Page 2578 - Week 07 - Thursday, 18 June 2009
Next page . . . . Previous page . . . . Speeches . . . . Contents . . . . Debates(HTML) . . . . PDF . . . .
Hospitals—Calvary Public Hospital
MR DOSZPOT: My question is to the Minister for Health and is in relation to the proposal to purchase Calvary hospital. Minister, I refer you to the ACT government community engagement service charter, which appears on one of your department’s websites and which outlines explicit and unambiguous guidelines about how your government will engage the community in the decision-making process. On what basis did you determine that community engagement was not needed for the purchase of Calvary hospital?
MS GALLAGHER: I thank the member for the question. The argument the opposition are trying to put forward in this is that prior to—
Mr Seselja: It was a question; it wasn’t an argument.
MS GALLAGHER: Well, an argument put through the question.
Mr Seselja: I know you don’t want to answer the question.
MS GALLAGHER: I have no problem answering the questions that have been asked.

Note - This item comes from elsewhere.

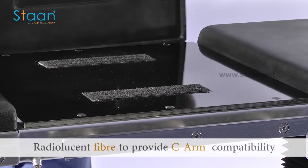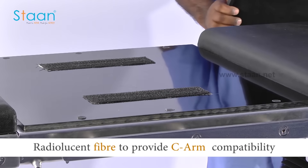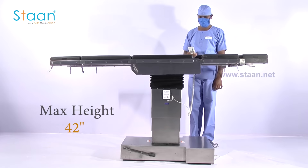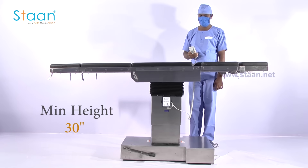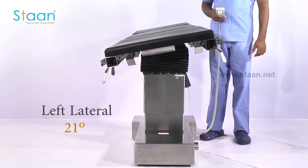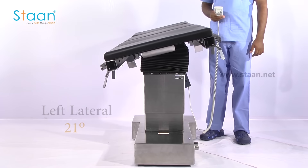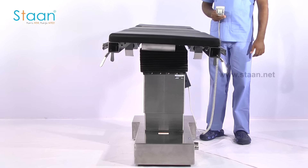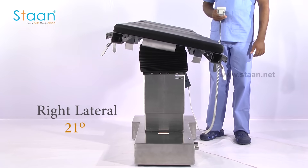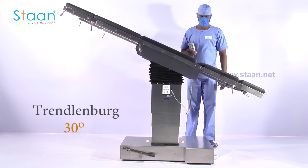The table top is covered with special radio-lucent strong fiber material in order to provide SIAM compatibility. It can be operated to a maximum height of 42 inches and a minimum height of 30 inches, with left and right lateral tilt of 21 degrees, and Trendelenburg and reverse Trendelenburg of 30 degrees.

What the opposition is trying to say is that before we should speak with the Little Company of Mary and before the Little Company of Mary should speak to us, we should have undertaken a wide community consultation process around whether or not we were allowed to enter into discussions with Little Company of Mary. If we had got the green light from the community to actually commence those discussions, we were then allowed—
Mr Hanson: No, are you going to do a wide community consultation process? We haven’t dictated the timing. Are you going to have a wide community consultation process?
MS GALLAGHER: What a joke! That really sums up why the opposition are where they are. They fundamentally do not understand the discussions that government is involved in every day. I can honestly stand here and say that I imagine every minister here is having discussions with business, stakeholder groups and industry representatives that are not subject to broad community consultation about whether or not we have those discussions in the first place. Governments have discussions all the time with third-party organisations around a whole range of matters that are not subject to broad public consumption at that time.
What the opposition do not realise—of course, we still have not heard what they actually think about the proposed sale of Calvary—
Mr Hanson: You’ve heard what we think about it.
MS GALLAGHER: No, we have not heard what you think about it at all. You have no view on it; just like the bush healing farm, just like needle and syringe programs in jails, just like the budget—absolutely no view at all!